Within the material below, count each line holding the string "Woman" and return the total alone.

Working data:
%%
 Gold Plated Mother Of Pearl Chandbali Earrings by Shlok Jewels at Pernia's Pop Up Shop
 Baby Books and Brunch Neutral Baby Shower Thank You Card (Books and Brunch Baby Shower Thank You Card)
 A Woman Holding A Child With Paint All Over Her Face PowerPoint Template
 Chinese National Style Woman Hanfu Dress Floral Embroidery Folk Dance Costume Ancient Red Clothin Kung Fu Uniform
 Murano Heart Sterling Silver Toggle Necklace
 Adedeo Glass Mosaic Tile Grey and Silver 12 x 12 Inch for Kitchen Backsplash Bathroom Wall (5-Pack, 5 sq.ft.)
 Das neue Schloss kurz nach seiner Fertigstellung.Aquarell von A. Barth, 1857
%%
%%
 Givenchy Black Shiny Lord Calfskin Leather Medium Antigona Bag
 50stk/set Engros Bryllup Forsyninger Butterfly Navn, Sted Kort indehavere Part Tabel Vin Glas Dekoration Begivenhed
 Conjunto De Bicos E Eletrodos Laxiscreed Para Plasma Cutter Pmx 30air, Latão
%%
%%
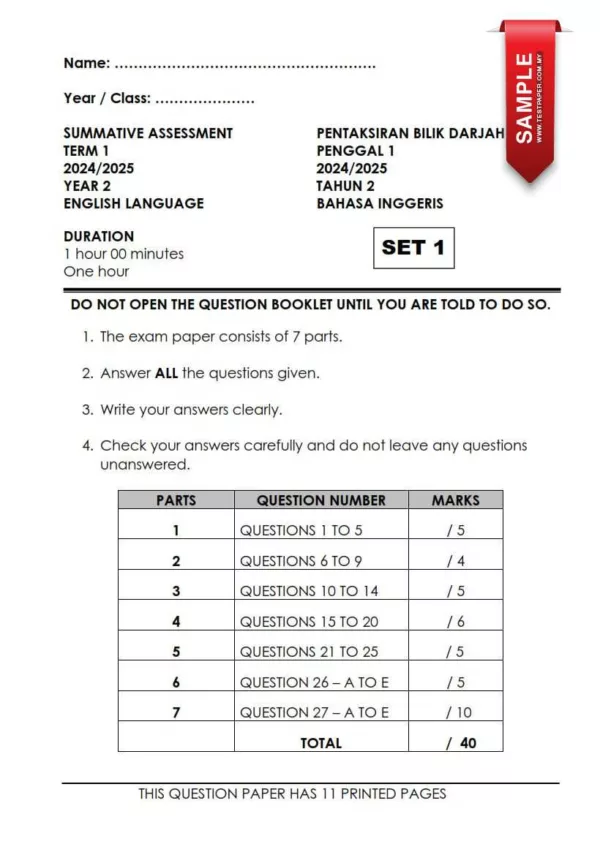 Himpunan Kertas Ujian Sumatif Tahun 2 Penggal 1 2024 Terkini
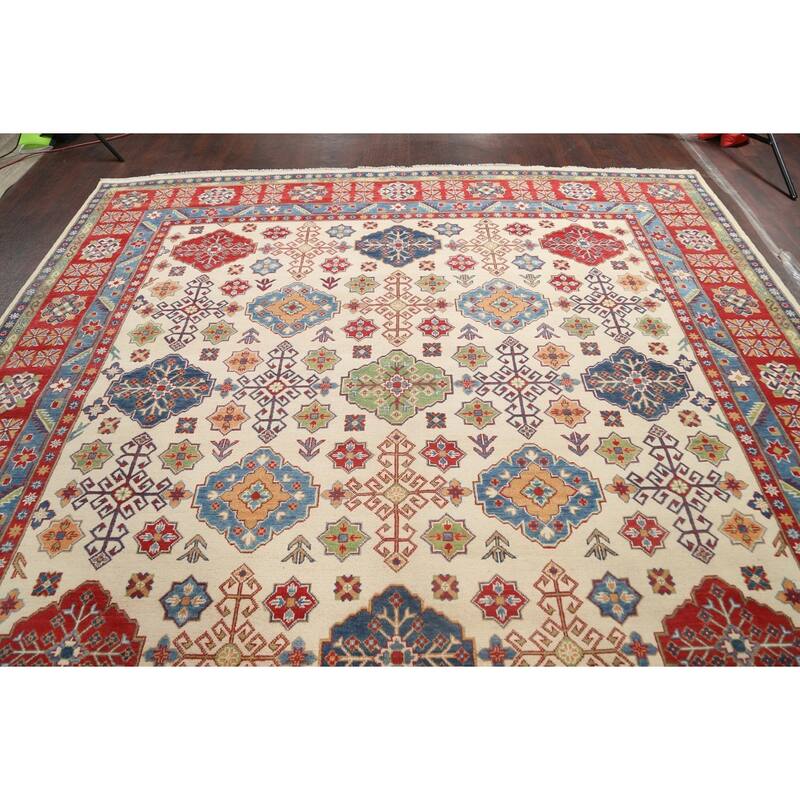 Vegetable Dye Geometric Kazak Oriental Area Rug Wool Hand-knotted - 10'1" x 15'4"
%%
Response to this exercise: 2